Goals of the Article

  1. Convince you that recursion glues together huge swathes of the school mathematics curriculum and deserves a bigger spotlight in your classroom. 
  2. Provide context to the idea so you can teach it with confidence, including links to materials, problems, posts, activities, etc. for implementation in your classroom.  I’ll be adding posts on this subject over time so be sure to check the blog regularly for new resources

So, if you want to learn how to bring computational thinking skills for the 21st century into your classroom – perhaps you only vaguely remember the concept of recursion from a programming class you took in the early 2000s- this post is for you. 

Overview

From a pedagogical perspective, I like math problems featuring recursively built objects because the following is typically true: Numeracy gets tied to more abstract skills in algebra and geometry, and/or Students learn to use symmetry and pattern recognition as problem solving tools. 
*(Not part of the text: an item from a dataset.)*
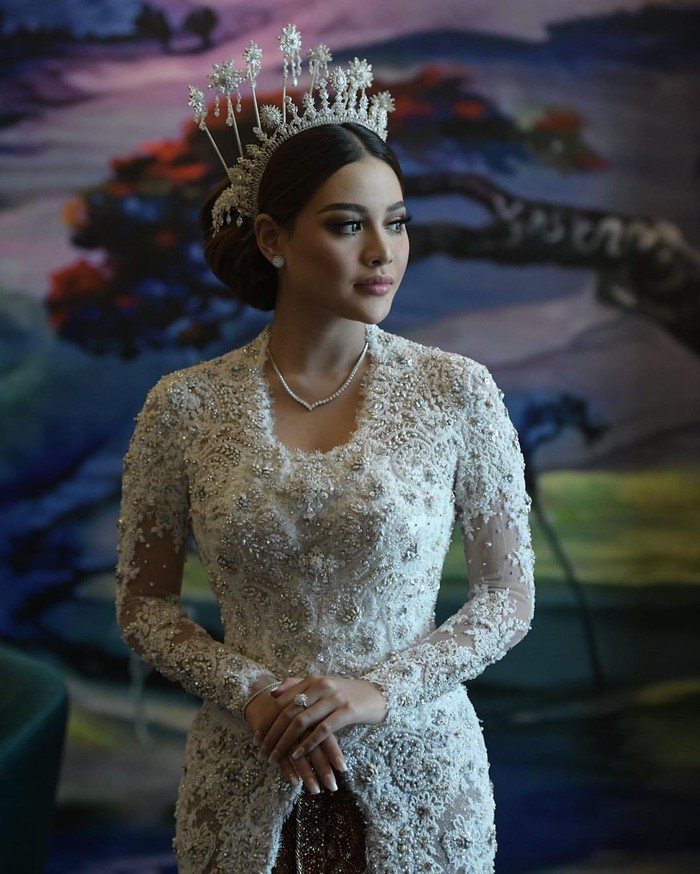 Berikutnya ada Aurel Hermansyah yang belum lama ini menikah, dirinya juga memilih kebaya berwarna putih. Kebaya berlengan panjang itu tampak tertutupdan dihiasi payet di seluruh sisinya. Benar-benar cantik dan anggun lengkap dengan mahkota putih dan aksesoris. (Foto: Instagram.com/aurelie.hermansyah)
If you are new to the idea of recursion in HS math, then I would encourage you to start with this problem in order to prime your mind for the concepts below.

An Informal Definition

Systems built recursively are built up piece by piece. Each piece builds off the previous piece according to a rule (often as a nice pattern, but not necessarily). The regularity of each of the individual pieces tends to have interesting consequences on the system as a whole – mathematical objects built recursively have symmetry. 

A good analogy is to Russian Dolls. Each doll fits inside the next according to a simple rule. The regularity of each doll gives the system as a whole (all of the dolls nested) a nice symmetry to it. This symmetry is what makes the Russian dolls a good children’s toy – A child is delighted each time their effort to get to the bottom of a stack of Russian dolls is thwarted by a new, scaled down version of the original doll.   Well.. ok in reality the child is delighted by throwing the pieces all over the room, and wouldn’t give the least bit of thought to the deep and beautiful idea of recursion. 

Moving on. Let’s look at some fundamental applications of recursive processes. 

Recursive Arithmetic

During a number talk, an elementary class is asked to compute 5 * 3. They add it up: 5 + 5 + 5 = 15. The teacher pushes further, “Great. Now what is 5 * 4?” In the early stages of learning, I imagine that some students will start all over, rotely applying the algorithm of repeated addition:  5 + 5+ 5 + 5 = 20. “Great.”, replies the sagacious teacher, “Can anyone solve it in a different way?” 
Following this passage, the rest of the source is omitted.